Como consequência direta dessas descobertas, o Supremo Tribunal Federal proibiu em 2015 a doação eleitoral de empresas. A medida buscava reduzir a influência do poder econômico nas eleições e, potencialmente, diminuir a corrupção no país.
Entretanto, essa decisão judicial gerou um efeito colateral significativo: uma conta de quase 5 bilhões de reais financiada pelos contribuintes para bancar as campanhas eleitorais de 2022.
O caso Banco Master e as relações perigosas
O dono do Banco Master, Daniel Vorcaro, construiu metodicamente uma extensa rede de contatos poderosos em Brasília. Sua estratégia incluía a distribuição de favores a políticos e a contratação de pessoas influentes nos Três Poderes da República.
Embora não haja registro de irregularidades nessas parcerias, Vorcaro colheu uma dose generosa de boa vontade de seu investimento em relacionamentos.
Um exemplo emblemático ocorreu quando o senador Ciro Nogueira, presidente do Progressistas, defendeu a aprovação de uma emenda que beneficiava diretamente instituições como o Banco Master. A proposta aumentava de 250 mil para 1 milhão de reais o valor do ressarcimento pago pelo Fundo Garantidor de Crédito a portadores de títulos de bancos com dificuldades financeiras.
A emenda não foi aprovada, mas demonstrou o alcance da influência construída por Vorcaro.
A proteção da rede de contatos
Outros integrantes do Progressistas tentaram, sem sucesso, aprovar a destituição de diretores do Banco Central. A movimentação coincidiu com o momento em que a autoridade monetária sinalizava que vetaria a compra do Master pelo BRB.
É importante ressaltar que não há indícios de que a ação dos parlamentares tenha sido motivada por qualquer tipo de negociata. Contudo, também não existe uma explicação razoável para uma ofensiva daquela magnitude sobre o Banco Central naquele período específico.
O fato mais revelador: Daniel Vorcaro, preso pela Polícia Federal, recebeu solidariedade silenciosa de sua extensa rede de contatos. Apesar das dimensões do escândalo do Banco Master, não há mobilização no Congresso pela criação de uma CPI para investigar o caso.
As tradições que resistem aos escândalos
O fenômeno observado no caso Banco Master repete-se em outras frentes. Na CPI que investiga desvios contra aposentados e pensionistas do INSS, a apuração parlamentar não avança diante de indícios de relações umbilicais entre algumas entidades e determinados políticos.

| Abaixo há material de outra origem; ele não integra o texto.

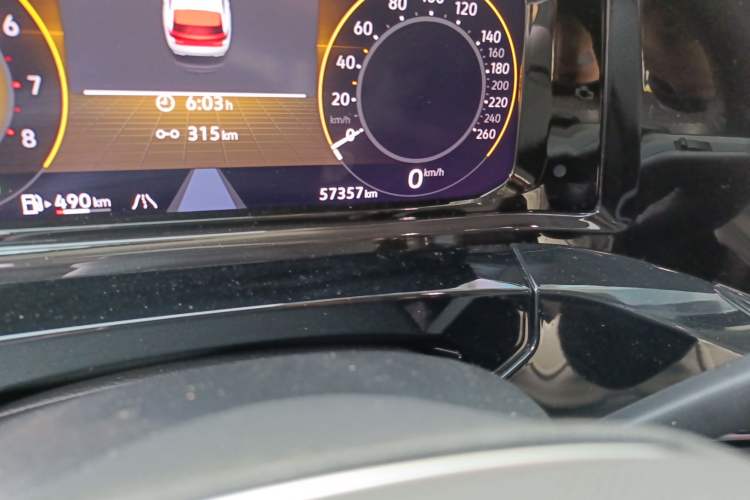 Used Volkswagen Talagon 2022 380TSI All-Wheel-Drive Luxury Prestige Pro 7-Seater Odometer Close Up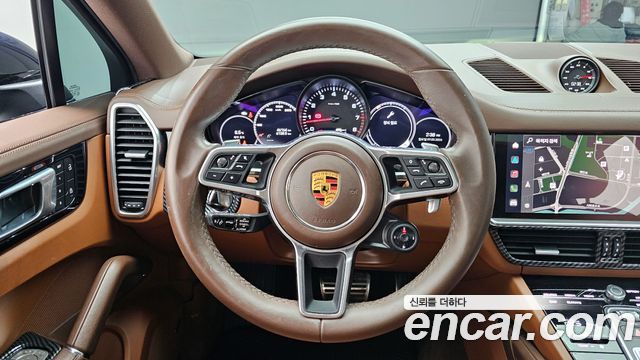 Porsche Cayenne 2022 — photo 13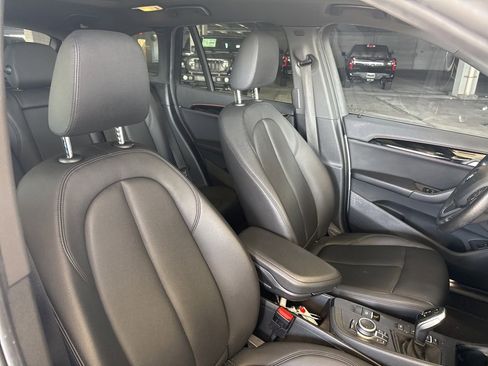 Used 2020 BMW X1 xDrive28i image 12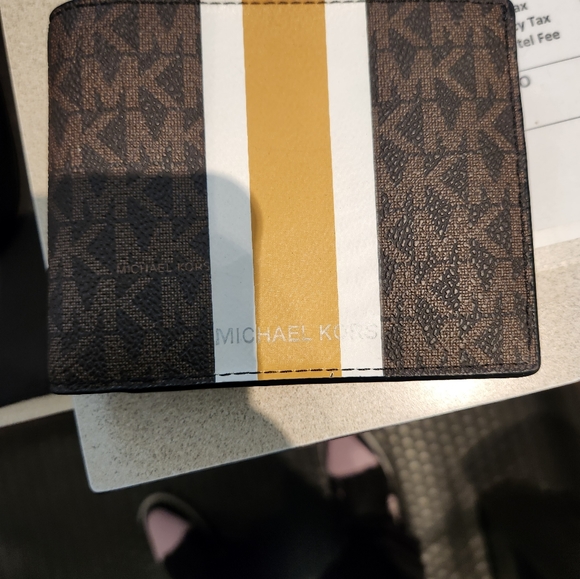 Michael Kors Wallet - Picture 5 of 6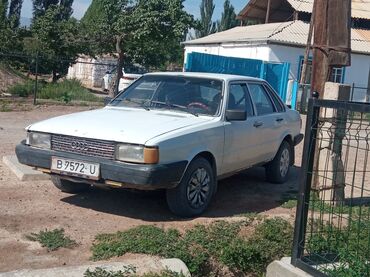 машины дешёвые: Белый седан Audi 80, характеризующийся классическим дизайном кузова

Não é por falta de material para análise que as investigações estagnam. Certas relações, quando bem cultivadas, rendem proteção eficiente.
Os escândalos bilionários, da Lava-Jato ao Banco Master, passando pela rapinagem de idosos, demonstram uma realidade preocupante: nenhum deles foi capaz de estabelecer uma linha divisória clara e permanente entre interesses públicos e privados em Brasília.
As tradições políticas de confraternização entre esses interesses mostram uma força que resiste até mesmo às maiores operações anticorrupção já realizadas no país.